- **DATASET CONTENT**
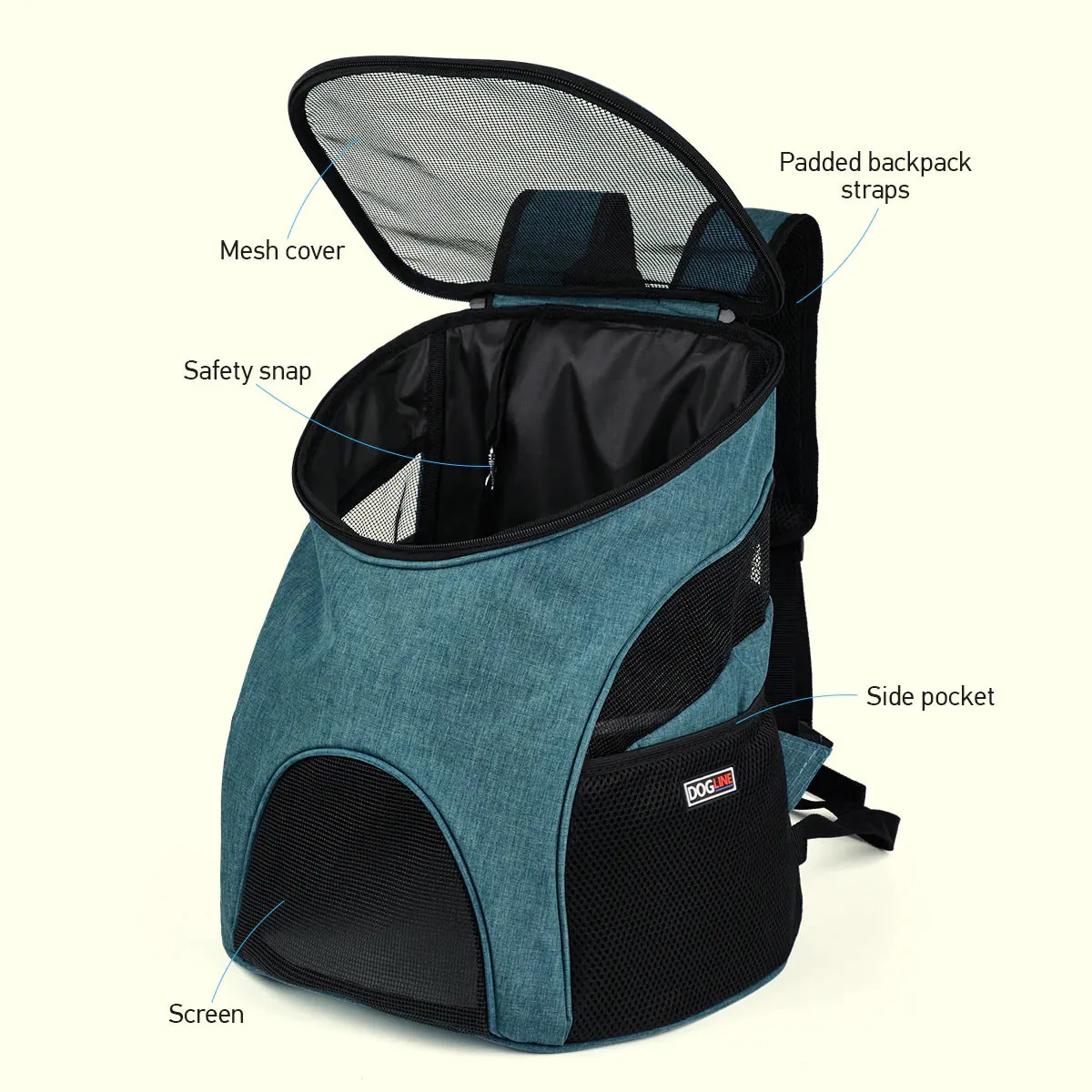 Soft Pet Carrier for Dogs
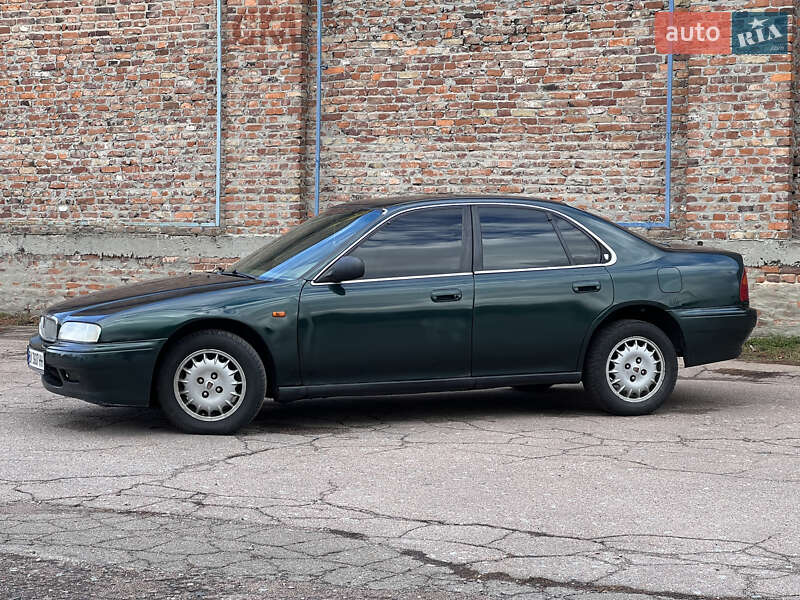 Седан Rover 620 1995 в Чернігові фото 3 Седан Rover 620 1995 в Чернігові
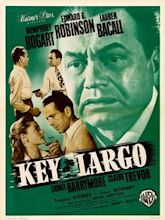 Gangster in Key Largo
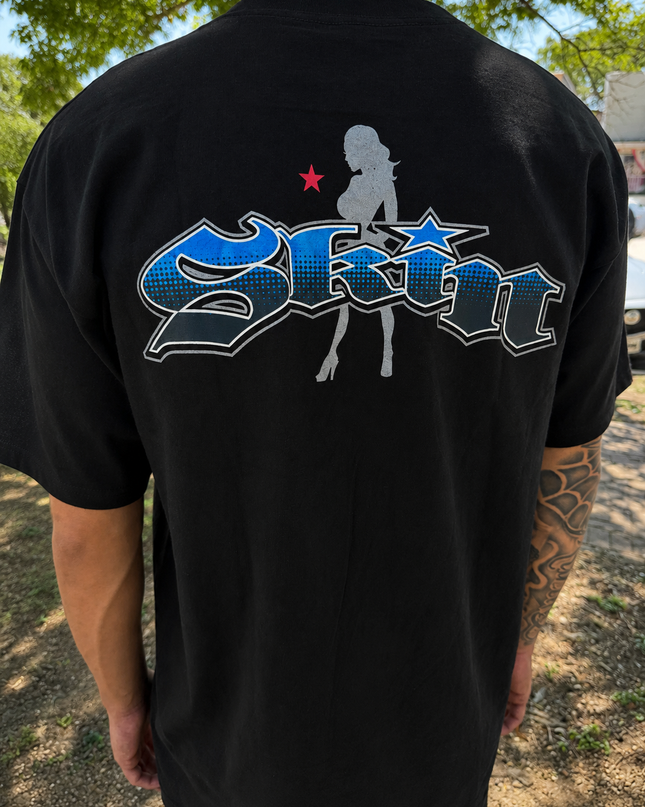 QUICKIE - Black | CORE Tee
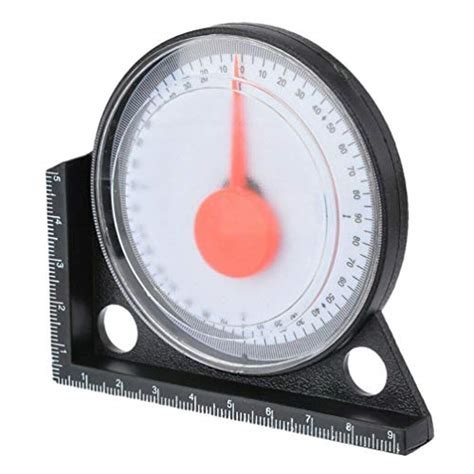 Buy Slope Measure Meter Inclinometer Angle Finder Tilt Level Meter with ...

- **WORK ORDER**
Print the material verbatim; drop the pictures.

- **PROBLEM SOLUTION**
 Soft Pet Carrier for Dogs
 Седан Rover 620 1995 в Чернігові фото 3 Седан Rover 620 1995 в Чернігові
 Gangster in Key Largo
 QUICKIE - Black | CORE Tee
 Buy Slope Measure Meter Inclinometer Angle Finder Tilt Level Meter with ...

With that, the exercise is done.